> Your objective: Exactly as they appear, print the line with "7451 Roxye Ln, Sarasota, FL 34240" and each line after it through the end of the entries below; leave out pictures.

> Input data:
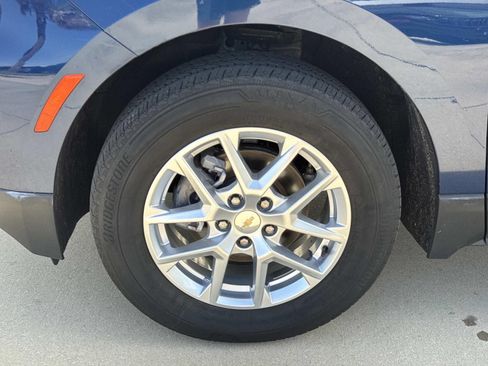 Used 2022 Chevrolet Equinox LT AWD/4WD image 4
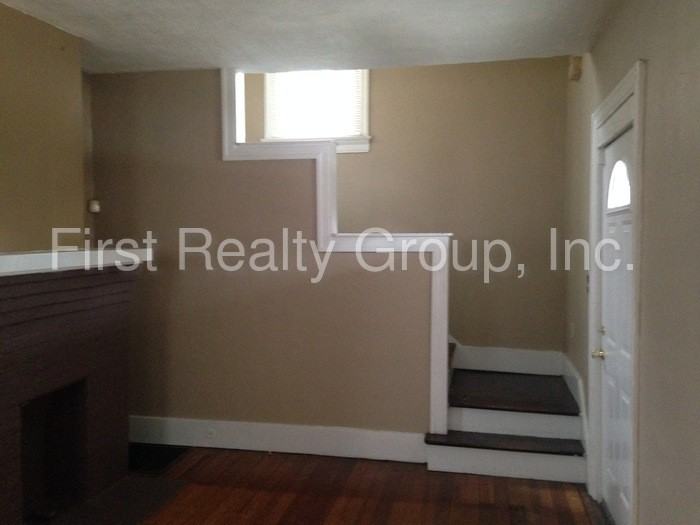217 Reisinger Ave - Photo 3 of 7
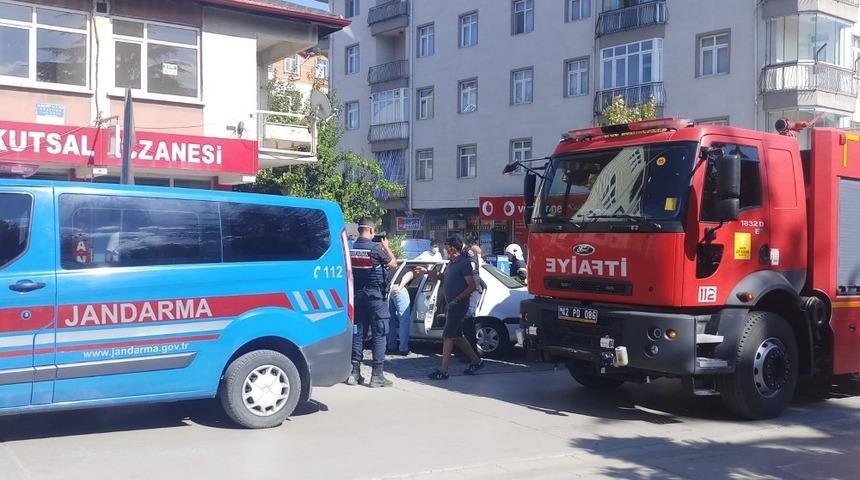 Seydişehir&rsquo;de otomobildeki yangın b&uuml;y&uuml;meden s&ouml;nd&uuml;r&uuml;ld&uuml;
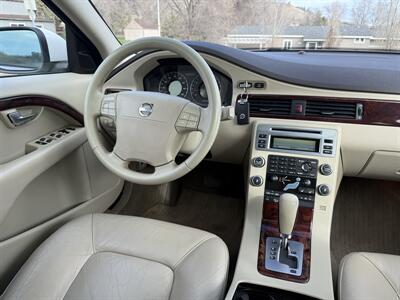 2008 Volvo XC70 3.2   - Photo 8 - Madras, OR 97741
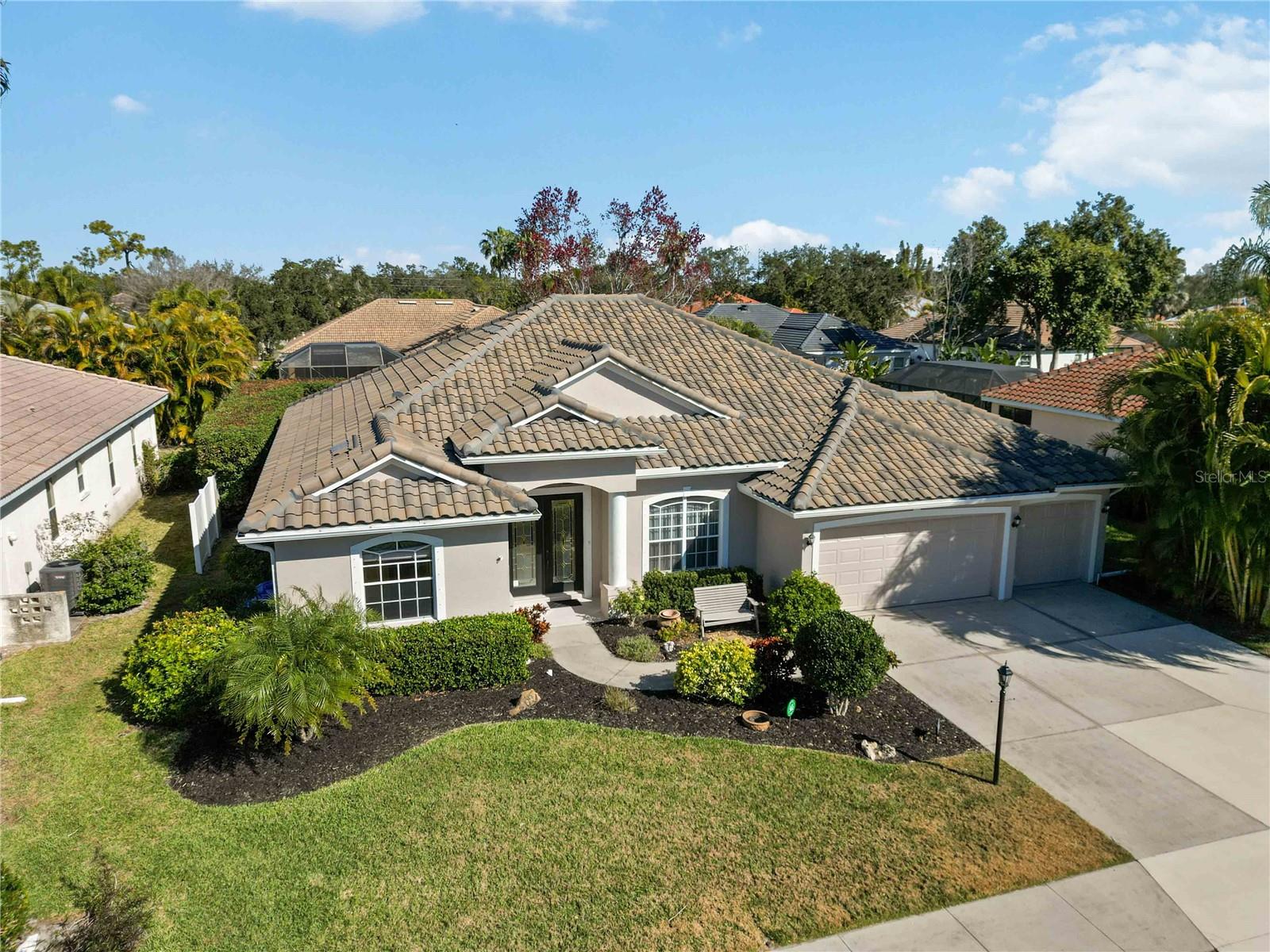 7451 Roxye Ln, Sarasota, FL 34240
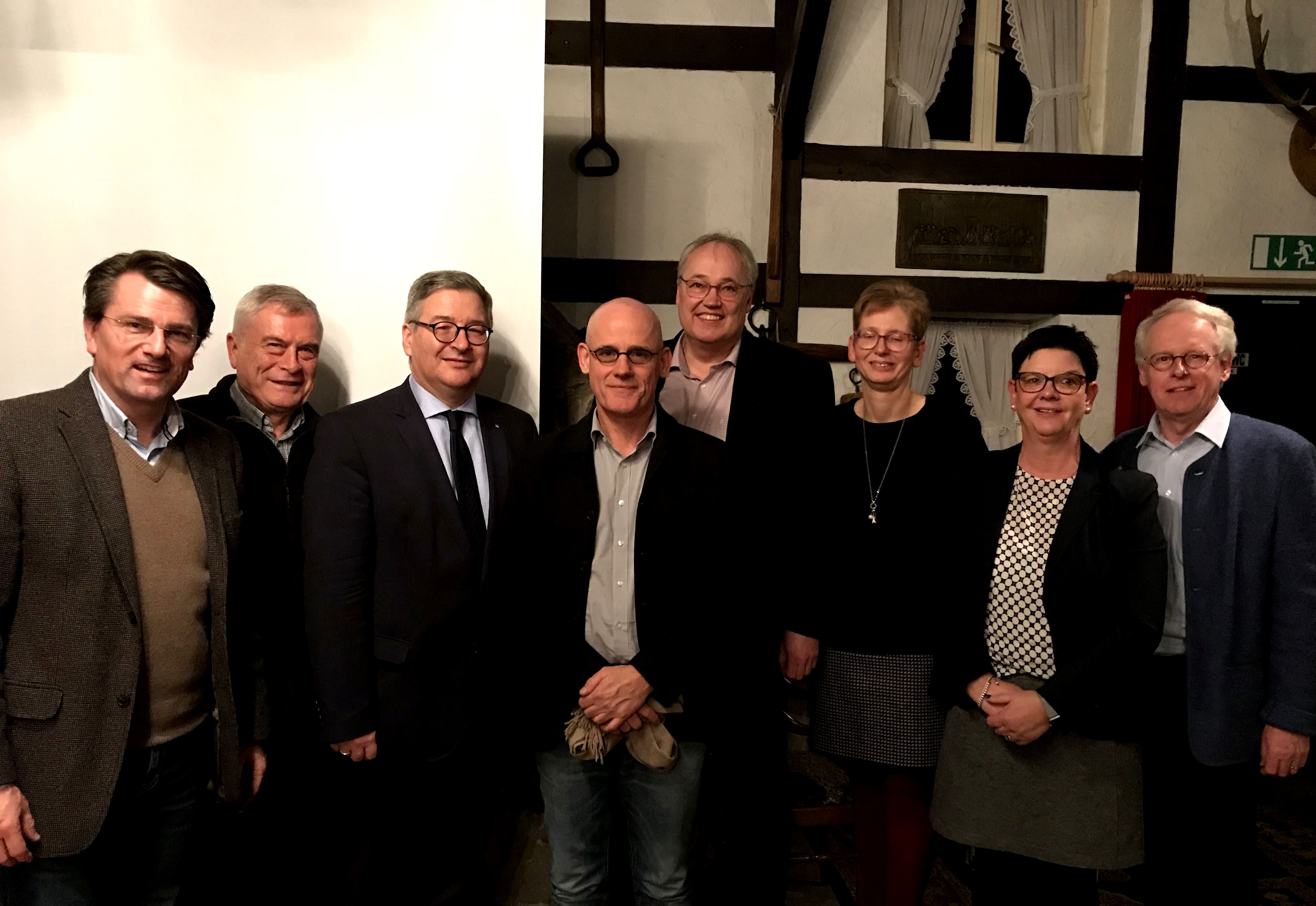 Bild von links: Guido Gutsche (Ratsmitglied und Vorsitzender der CDU-Kreistagsfraktion), Heinz Wessel (Vors. der CDU-Ortsunion Enniger), Michael Schrandt (VB-Vorstand), Architekt Thomas Becker, Michael Topmoeller (Vors. der Ortsunion Ostenfelde und stellv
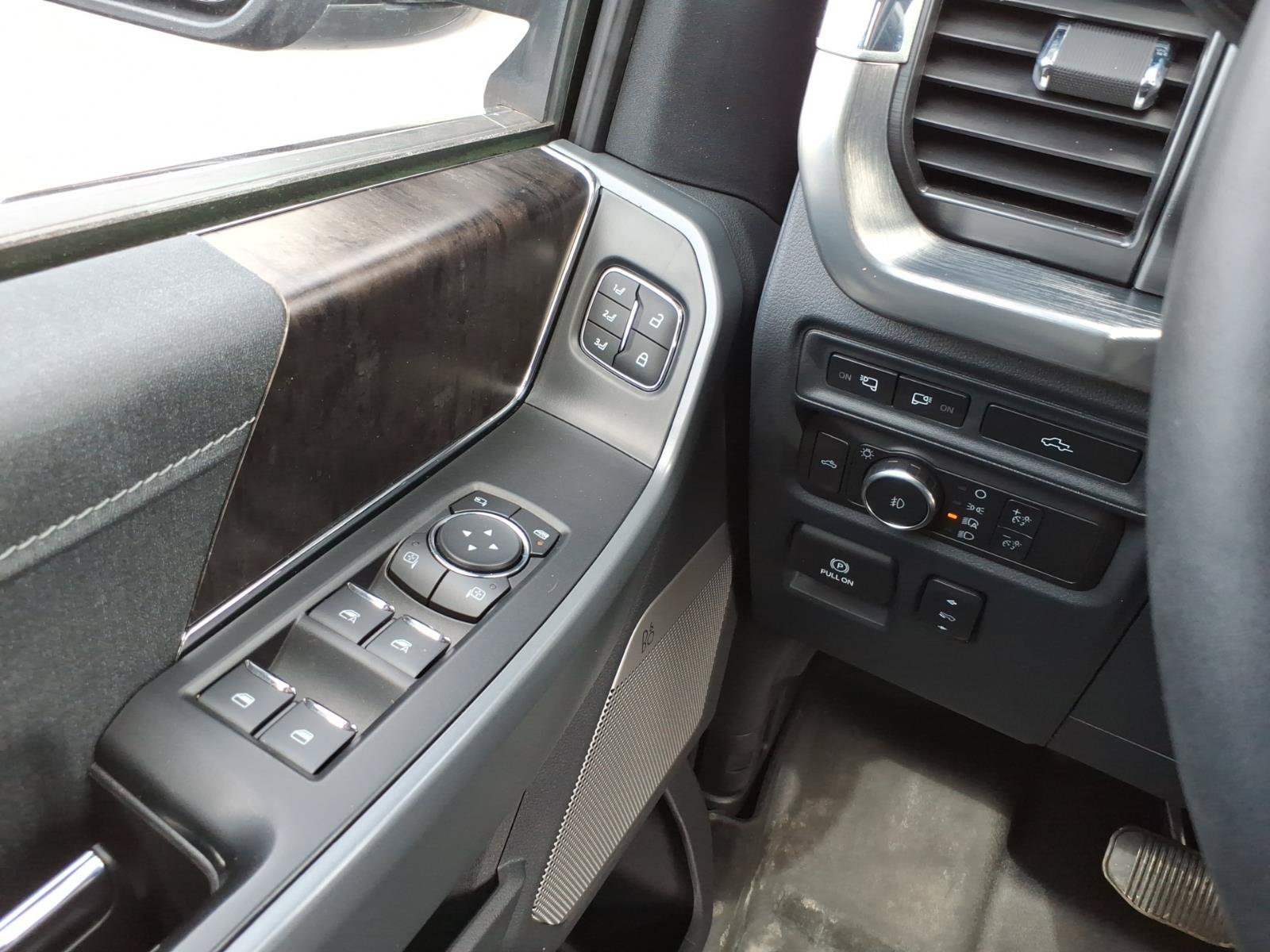 Used 2022 Ford F150 Lariat w/ Equipment Group 502A High AWD/4WD image 22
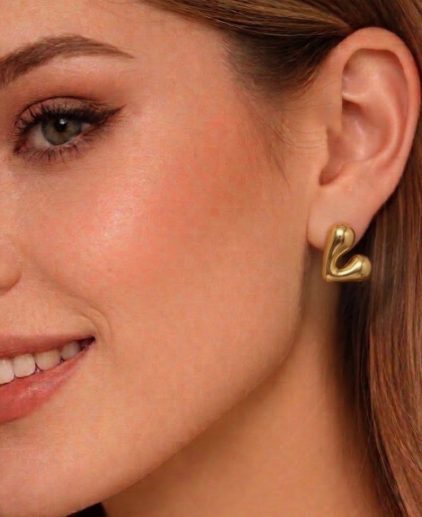 Pendientes corazón dorado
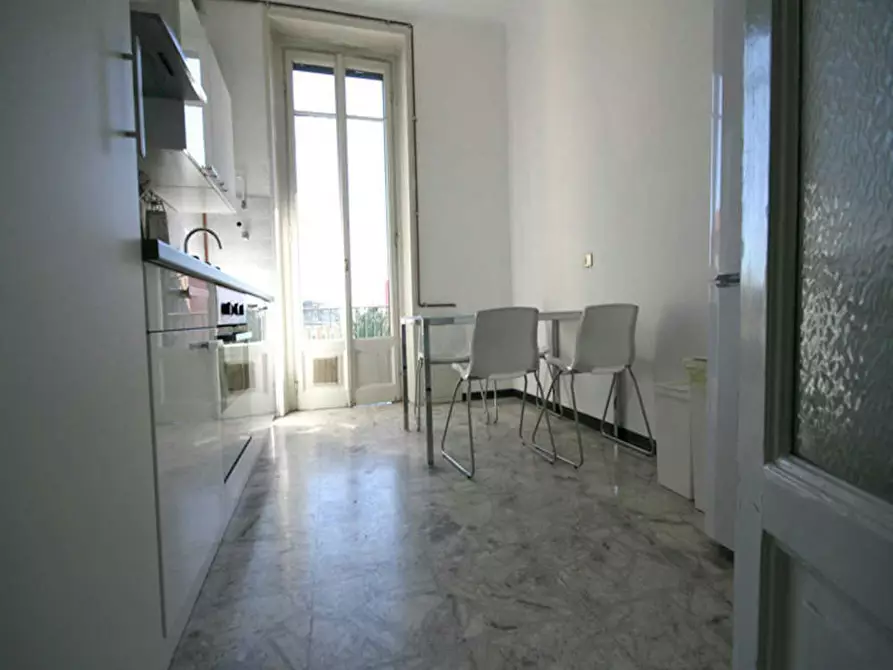 Immagine 6 di Camera in affitto  in Viale Romagna a Milano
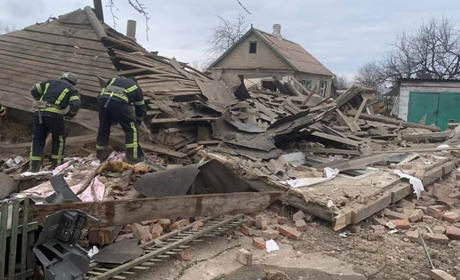 Обстріл Фенольного заводу та щонайменше один поранений у Торецьку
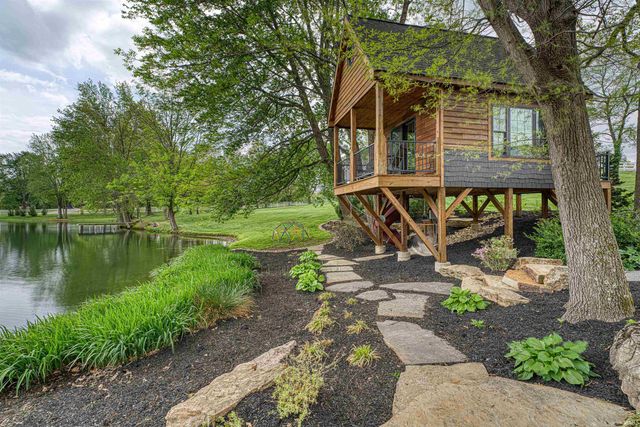 5800 Temper Trail Court, Evansville, IN 47720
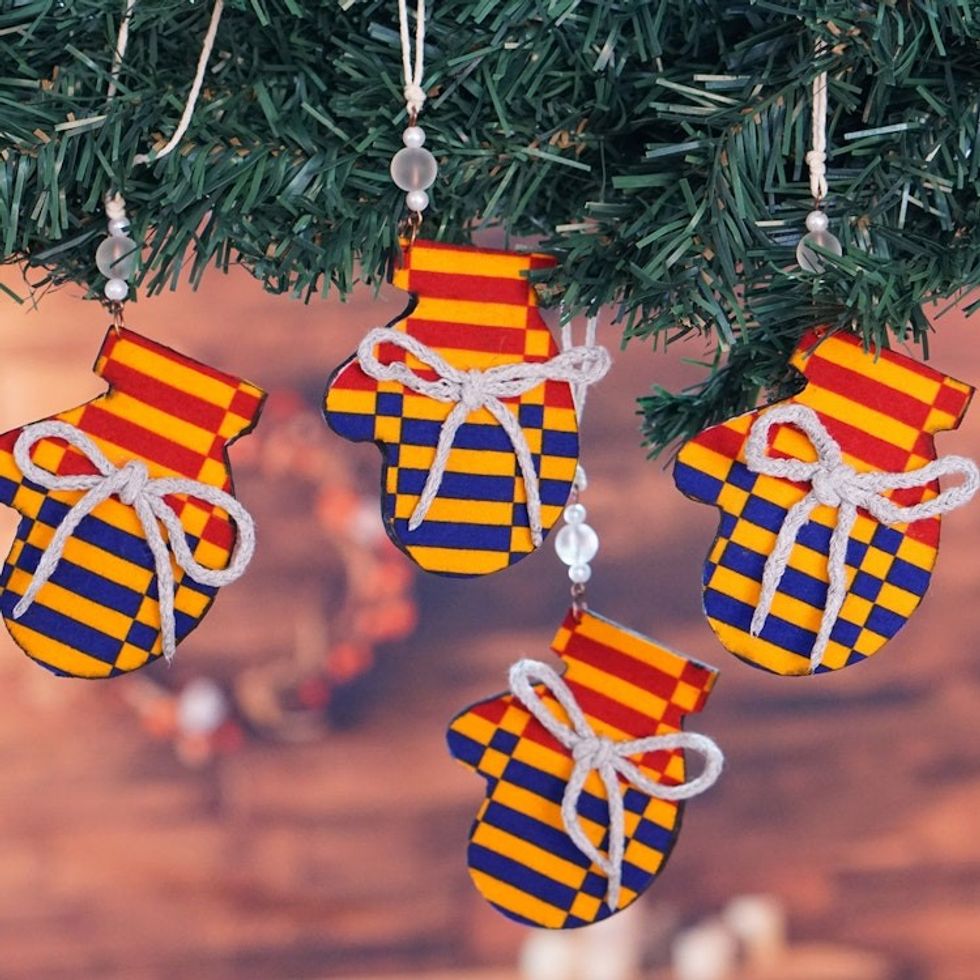Set of 4 Handcrafted Eco-Friendly Mitten-Shaped Ornaments 'Festive Mittens'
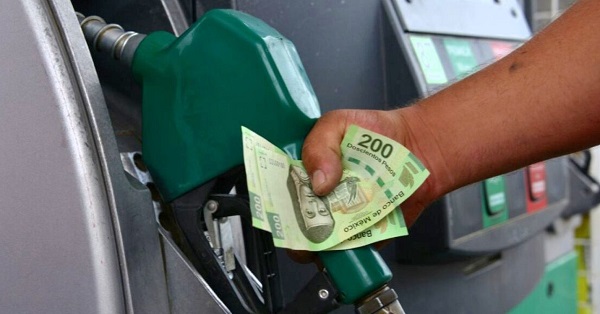 Políticos poseen las gasolineras con el combustible más caro en México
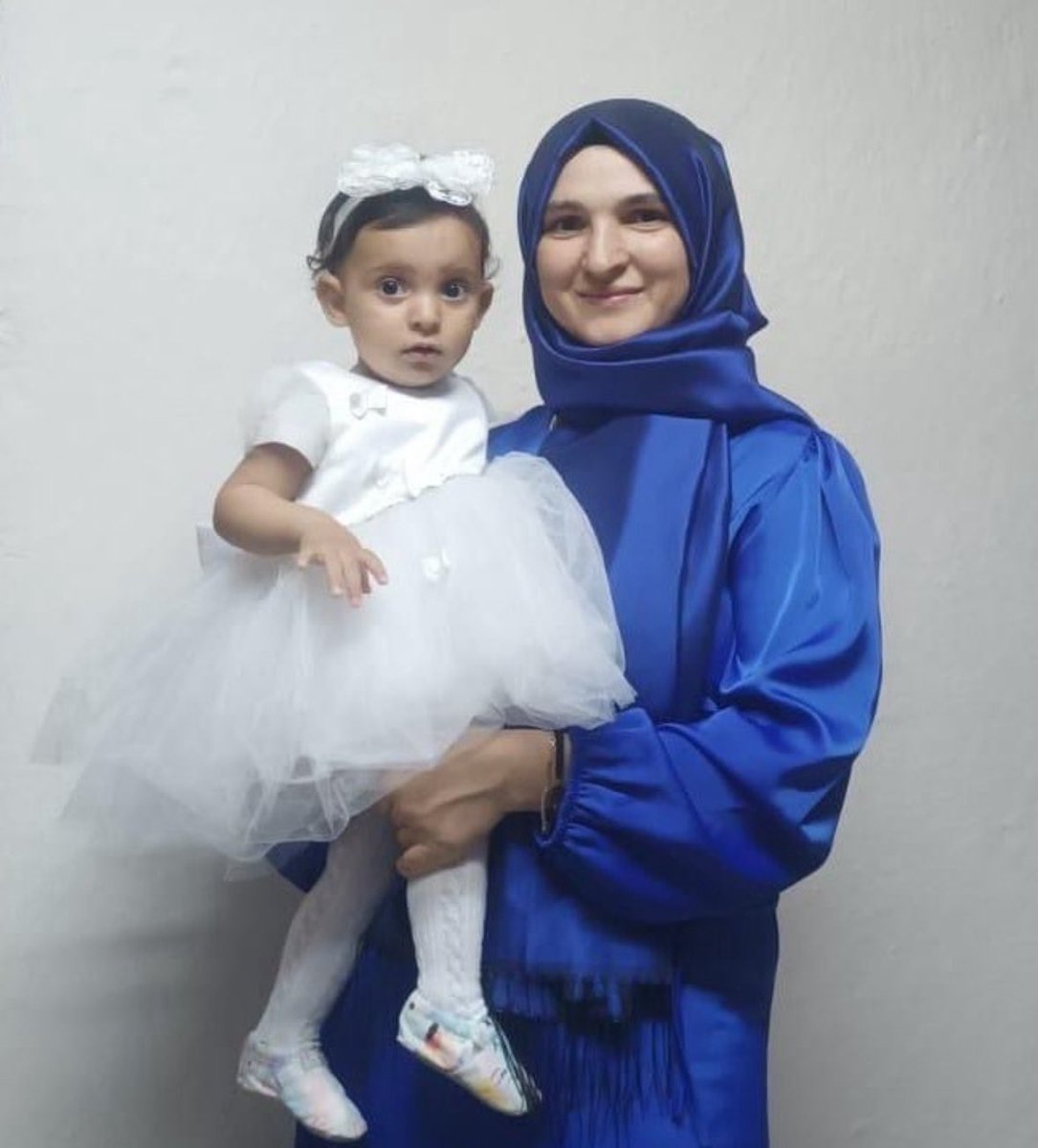 İki çocuk annesi biyoloji öğretmeni Şeyma Aslan, tamamen yasal faaliyetleri gerekçe gösterilerek 6 yıl 10 ay hapis cezası aldı.

Şu an Edirne Cezaevi’nde, henüz 1 yaşındaki kızıyla birlikte tutuklu.

Bir anne, bir öğretmen, bilime ve topluma katkı sunan bir insan…
Ve şimdi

> Solution below:
 7451 Roxye Ln, Sarasota, FL 34240
 Bild von links: Guido Gutsche (Ratsmitglied und Vorsitzender der CDU-Kreistagsfraktion), Heinz Wessel (Vors. der CDU-Ortsunion Enniger), Michael Schrandt (VB-Vorstand), Architekt Thomas Becker, Michael Topmoeller (Vors. der Ortsunion Ostenfelde und stellv
 Used 2022 Ford F150 Lariat w/ Equipment Group 502A High AWD/4WD image 22
 Pendientes corazón dorado
 Immagine 6 di Camera in affitto  in Viale Romagna a Milano
 Обстріл Фенольного заводу та щонайменше один поранений у Торецьку
 5800 Temper Trail Court, Evansville, IN 47720
Set of 4 Handcrafted Eco-Friendly Mitten-Shaped Ornaments 'Festive Mittens'
 Políticos poseen las gasolineras con el combustible más caro en México
 İki çocuk annesi biyoloji öğretmeni Şeyma Aslan, tamamen yasal faaliyetleri gerekçe gösterilerek 6 yıl 10 ay hapis cezası aldı.

Şu an Edirne Cezaevi’nde, henüz 1 yaşındaki kızıyla birlikte tutuklu.

Bir anne, bir öğretmen, bilime ve topluma katkı sunan bir insan…
Ve şimdi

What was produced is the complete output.